Worked example — Cross-Functional DMAIC Team

A 7-person DMAIC team spent 90 minutes at kick-off completing a Team Charter — agreeing decision-making norms, communication channels, meeting cadence and 6 ground rules. They referenced it three times during the project to resolve disagreements constructively.

Worked example — Cross-Functional DMAIC Team

Common mistakes — and how to avoid them

⚠️

Completing it alone before the meeting. A Team Charter written by the project lead and presented to the team is not a Team Charter — it is a set of instructions. Build it together.

⚠️

Too many ground rules. More than 8 ground rules become unenforceable. Focus on the 5–6 behaviours that matter most to this specific team and context.

⚠️

Not revisiting it when problems arise.
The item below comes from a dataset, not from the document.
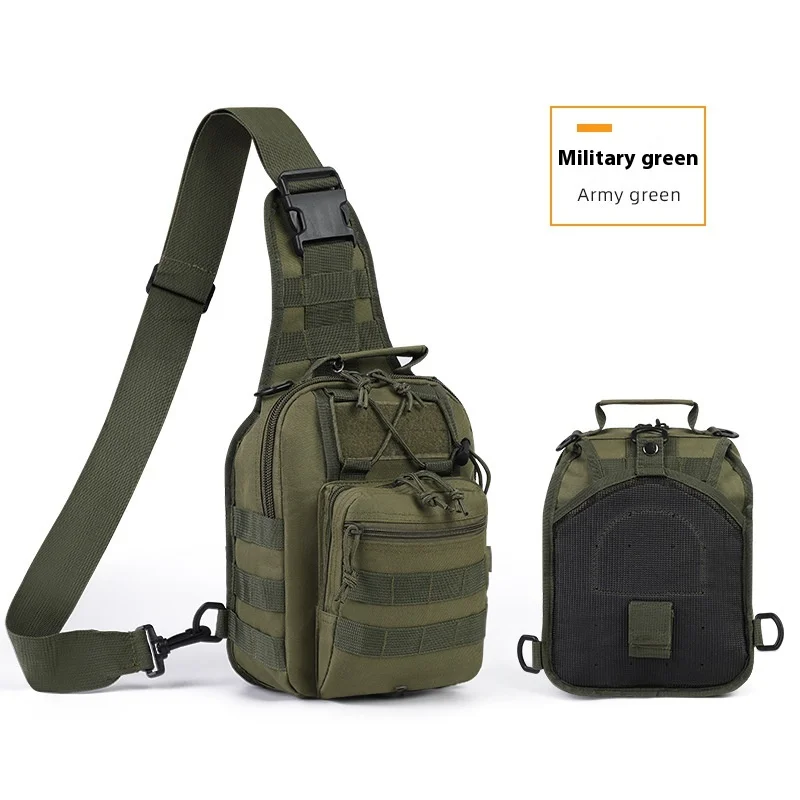 

New men's outdoor sports mountain climbing waterproof large capacity multi-functional tactical chest bag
When a team conflict or communication breakdown occurs, go back to the charter. It was designed for exactly these moments.

⚠️

Filing it away after kick-off. The charter only has value if the team can access it. Keep it visible — posted in the team's workspace or shared folder.

Tips for getting better results

💡

Get every member to sign it. A physical signature creates a stronger commitment than just discussing and agreeing verbally. It is a small act with a meaningful psychological effect.

💡

Revisit it when new members join. When team membership changes, update the charter with the new member involved. Don't assume they adopt existing norms automatically.

💡

Use it to onboard the sponsor. Share the charter with the sponsor at kick-off. It gives them confidence the team is aligned and sets expectations about how they will be engaged.